Der Arthouse-Streamingdienst zeigt im Juni als Premiere ein dokumentarisches Porträt des Filmemacher-Duos Michael Powell und Emeric Pressburger, die in dem Film von Martin Scorsese vorgestellt werden. Außerdem würdigt MUBI Wim Wenders’ Affinität für Japan mit der Premiere von „Perfect Days“ und zwei früheren Filmen, feiert den „Pride Month“ und huldigt dem verblüffenden argentinischen Kino mit „Trenque Lauquen“.


Ende der 1930er-Jahre trafen der britische Regisseur Michael Powell und der ungarisch-jüdische Drehbuchautor Emeric Pressburger zusammen und bildeten fast zwanzig Jahre lang ein hochkreatives Duo. Ihre Produktionsfirma „The Archers“ – mit Zielscheibe und Pfeilen als Logo – verhieß Ambitionen, Anspruch und formvollendete Inszenierungen und schenkte dem britischen Kino etliche Klassiker wie „Irrtum im Jenseits“ (1946), „Die schwarze Narzisse“ (1947), „Die roten Schuhe“ (1948) und „Hoffmanns Erzählungen“ (1951).
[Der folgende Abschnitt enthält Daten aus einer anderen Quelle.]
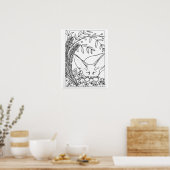 16"x 20" slapende fennekos kleurplaat poster (Keuken)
Ein Fan der ersten Stunde war der junge Martin Scorsese, der als Kind in den 1950er-Jahren die Powell-Pressburger-Filme über das Fernsehen kennenlernte, als er wegen seiner Asthma-Erkrankung zuhause bleiben musste. Diese Faszination ließ ihn ein Leben lang nicht mehr los, wie er in dem von David Hinton inszenierten Dokumentarfilm „Made in England: Die Filme von Powell und Pressburger“ schildert. Im Stile seiner eigenen Filmdokumentationen zum US-amerikanischen und italienischen Kino taucht Scorsese in die unkonventionelle Kollaboration des Duos ein und würdigt ihre Fähigkeit, „subversive kommerzielle Filme“ zu drehen. Der Film erhält auch eine Kinoauswertung am 20. Juni und ist danach ab 28. Juni bei MUBI zu sehen.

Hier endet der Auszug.